A ORQUESTRA DESAFINADA DO COMBATE À CORRUPÇÃO E À IMPUNIDADE CONTA COM O APOIO DO PARLAMENTO (?)
Na última reunião plenária ordinária, a oitava da presente sessão da IV Legislatura da Assembleia Nacional, que teve lugar a 20 de Maio do corrente ano, estava inscrito como primeiro ponto da ordem do dia a ´´Movimentação dos Deputados´´. À luz dos procedimentos regimentais da Assembleia Nacional é uma prática que acontece sem grandes polémicas, pois normalmente os Grupos Parlamentares fazem o seu trabalho de casa que passa pelas comissões competentes em razão da matéria e culmina com o plenário que aprova as respectivas resoluções. Embora seja matéria de discussão na ordem do dia, quase nunca foi motivo de diatribes entre as bancadas. Foi assim que ocorreu na última reunião em que eu próprio também votei favoravelmente. As resoluções foram aprovadas por unanimidade.
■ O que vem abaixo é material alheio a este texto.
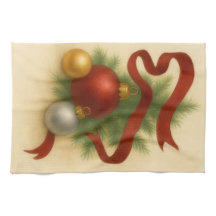 Elegant Christmas Baubles & Ribbon Tea Towel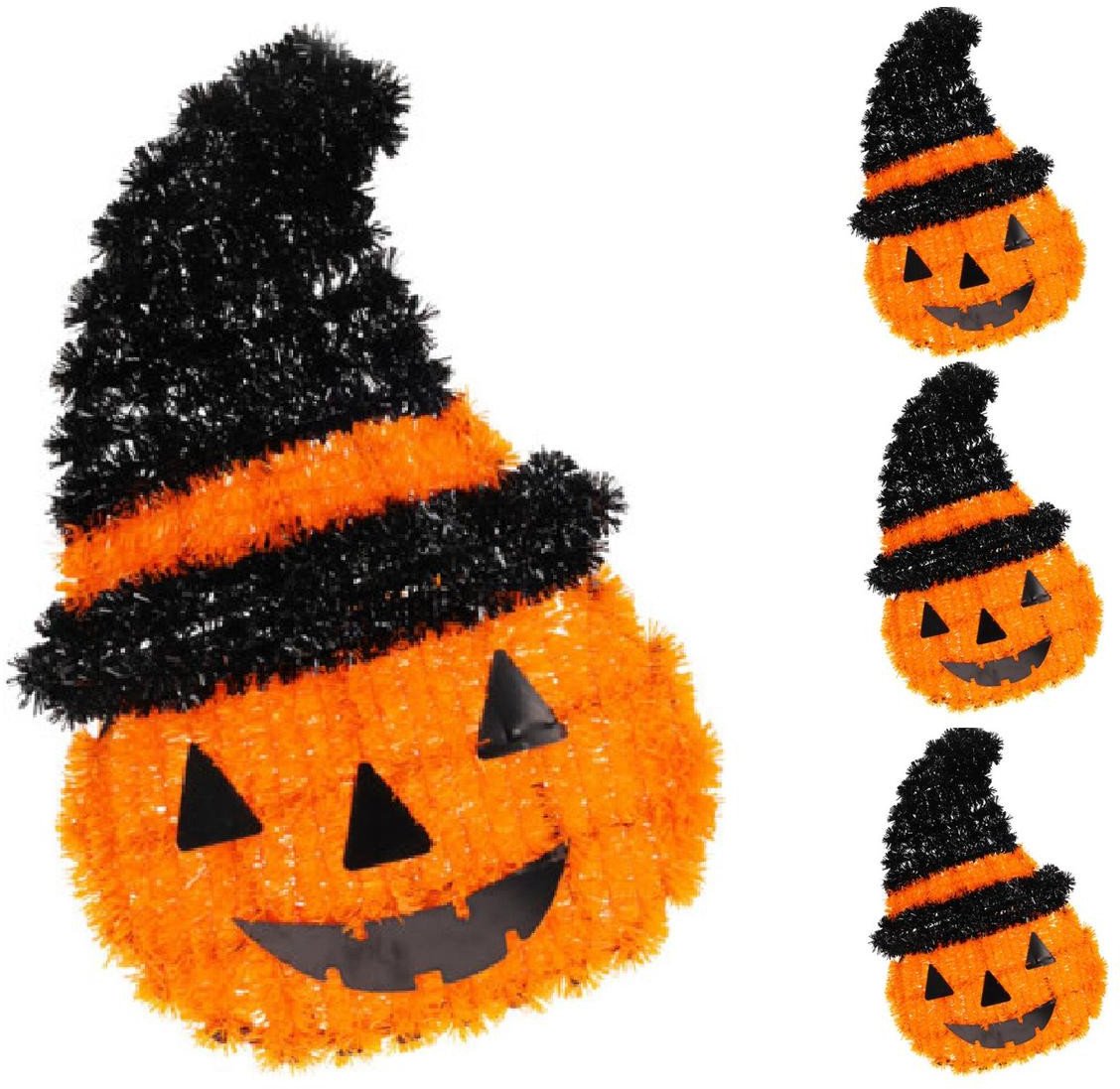 FIGURKA DEKORACYJNA DYNIA 35CM HALLOWEEN POMARAŃCZOWY PASEK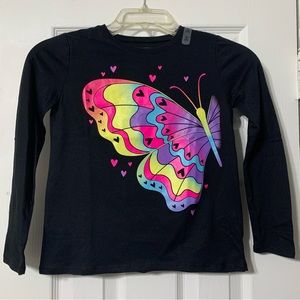 Medium colorful butterfly Long sleeve graphic Tee
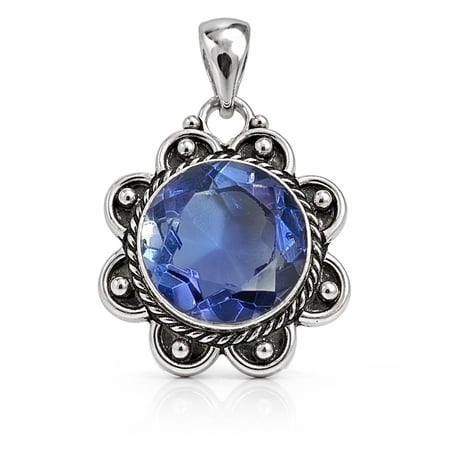 SATYAVIE JEWELLERY 925 Sterling Silver Tazanite Pendant for Women | Handmade Round Cut Gemstone Pendant | December Birthstone | Birthday, Anniversary, Christmas Jewelry Gift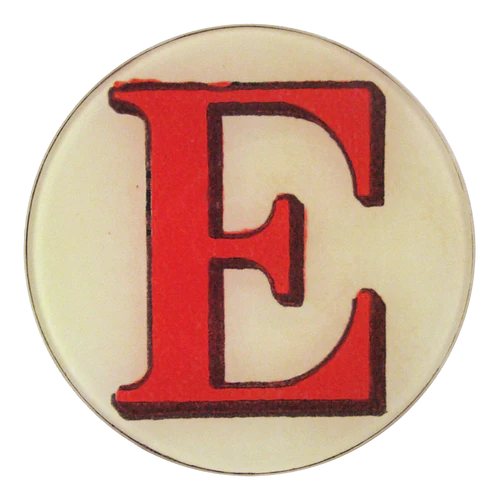 Red Round Letter 'E' 5 3/4" Plate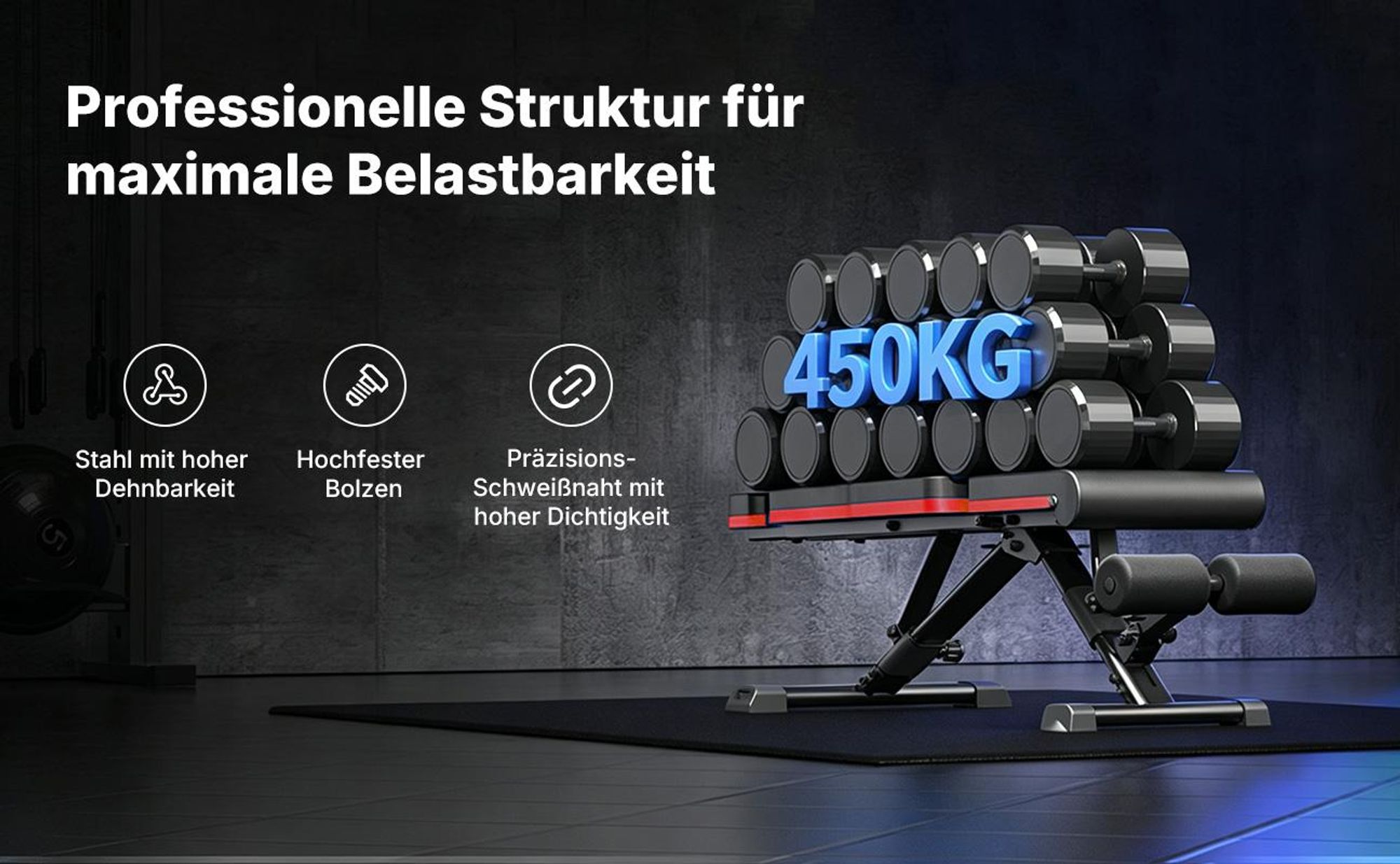 Hantelbank klappbar, 450 kg belastbar, 9-fach verstellbare Rückenlehne, verstellbare Flach- und Schrägbank fürs Home Gym Merach, rutschfest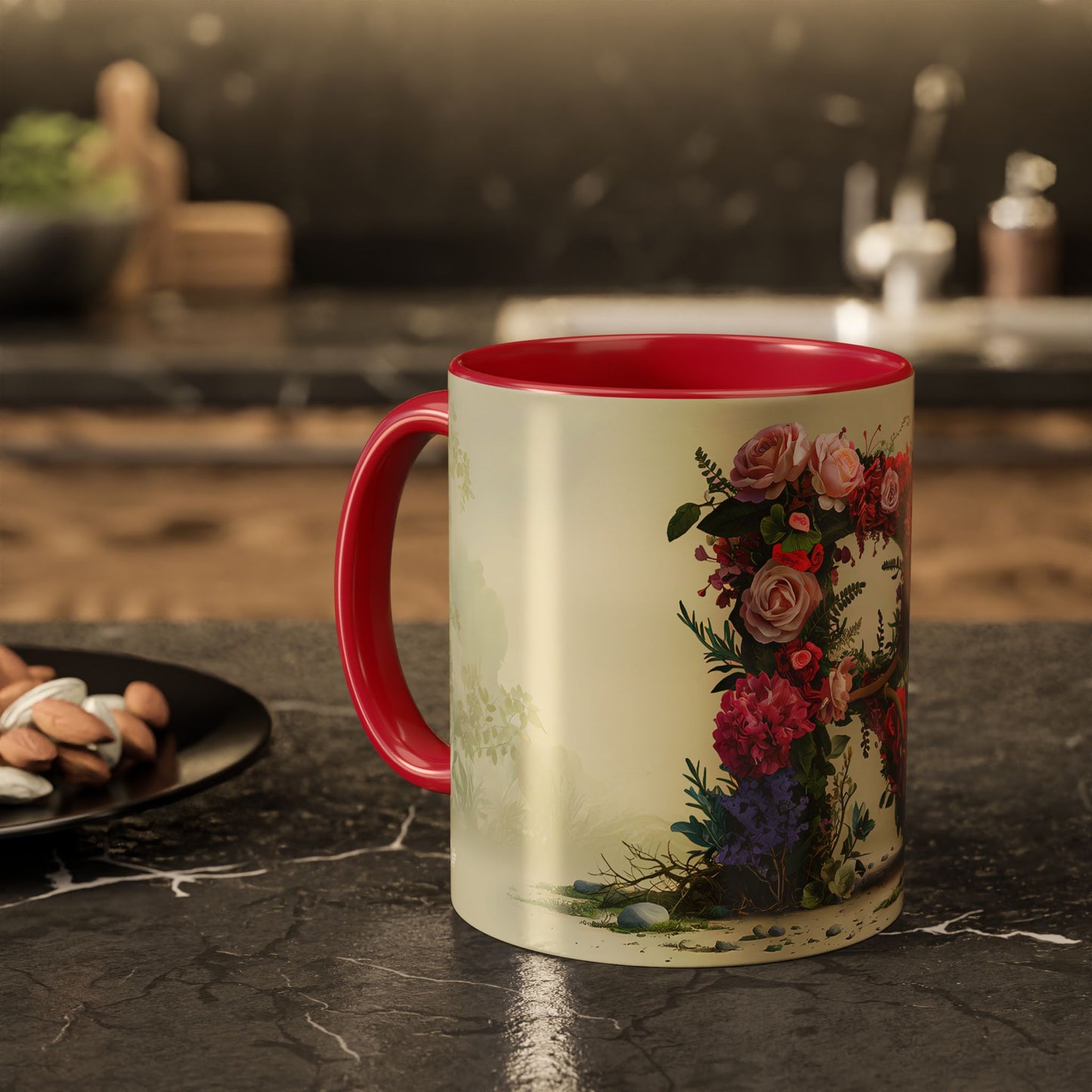 Mug with floral design and red handle on a kitchen counter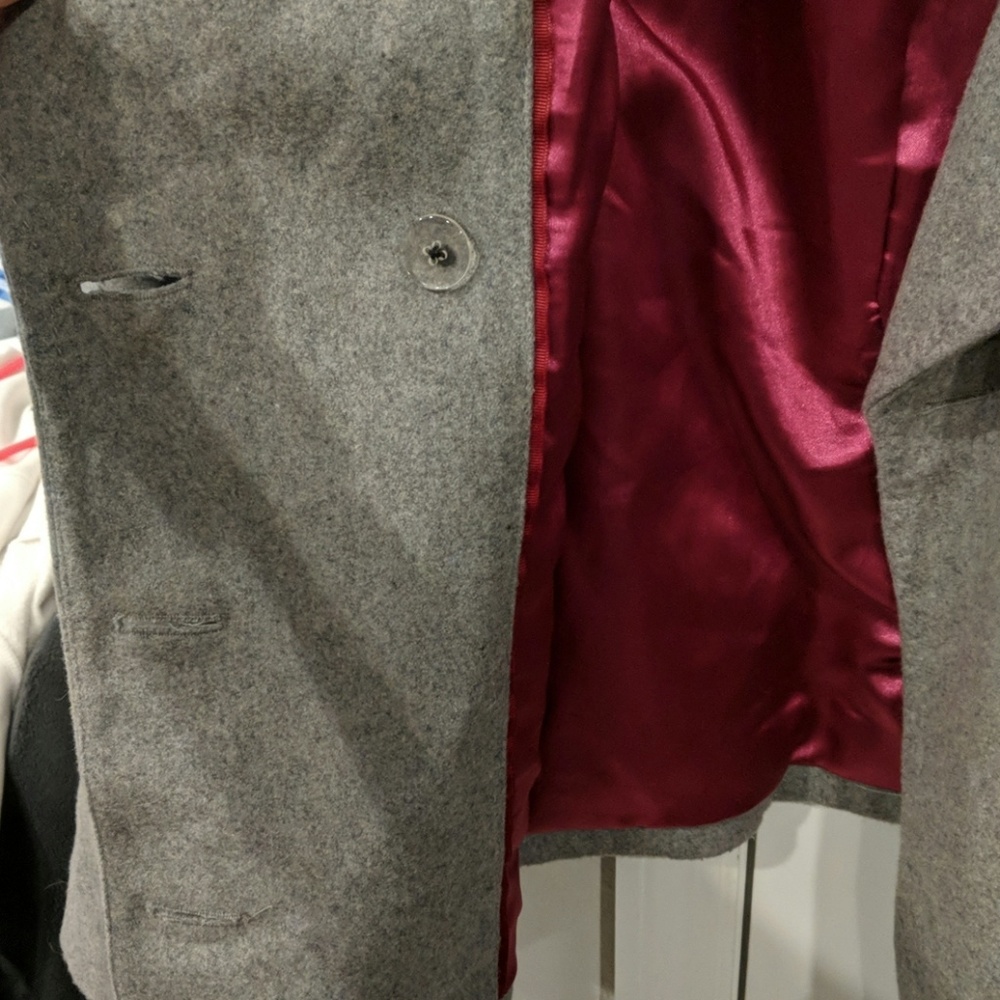 Gray cold weather dress coat - Picture 2 of 4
Entretanto, houve algumas curiosidades desta vez. Alguns cidadãos atentos ao que se passa no Parlamento não quiseram deixar esfriar a sopa e entenderam interpelar-me sobre dois factos por si anotados: a) Os casos dos Deputados septuagenários Kundi Paihama e Faustino Muteka, cujos mandatos foram suspensos temporariamente a coberto do art.º 151º, n.1, b) da CRA e o caso do Deputado Vigílio Tchyova que retomou o seu lugar depois da sua exoneração do cargo de Governador do Cunene. Os meus interlocutores alegavam no primeiro caso que esses Mais Velhos deviam abandonar definitivamente a vida politica e deixar os seus lugares para os mais novos; quanto ao segundo caso, a questão colocada era: como é que um arguido pode representar os cidadãos no Parlamento?
Essas questões de algum modo atiçaram a minha mente com reminiscências sobre o diálogo com os meus interlocutores. Comecei a sentir-me inquieto porque as respostas justificativas que fui dando não me parecem suficientemente persuasivas. Acho eu que foram respostas levianas como ´´um gato que passa pelas brasas e não quer perder um pelo´´, como nos dizia sempre o meu Professor de Direito Eclesiástico, o malogrado D. Damião Franklin. Entendi, por conseguinte, voltar ao assunto e ´´agarrar o touro pelos cornos´´, como dizem os castelhanos.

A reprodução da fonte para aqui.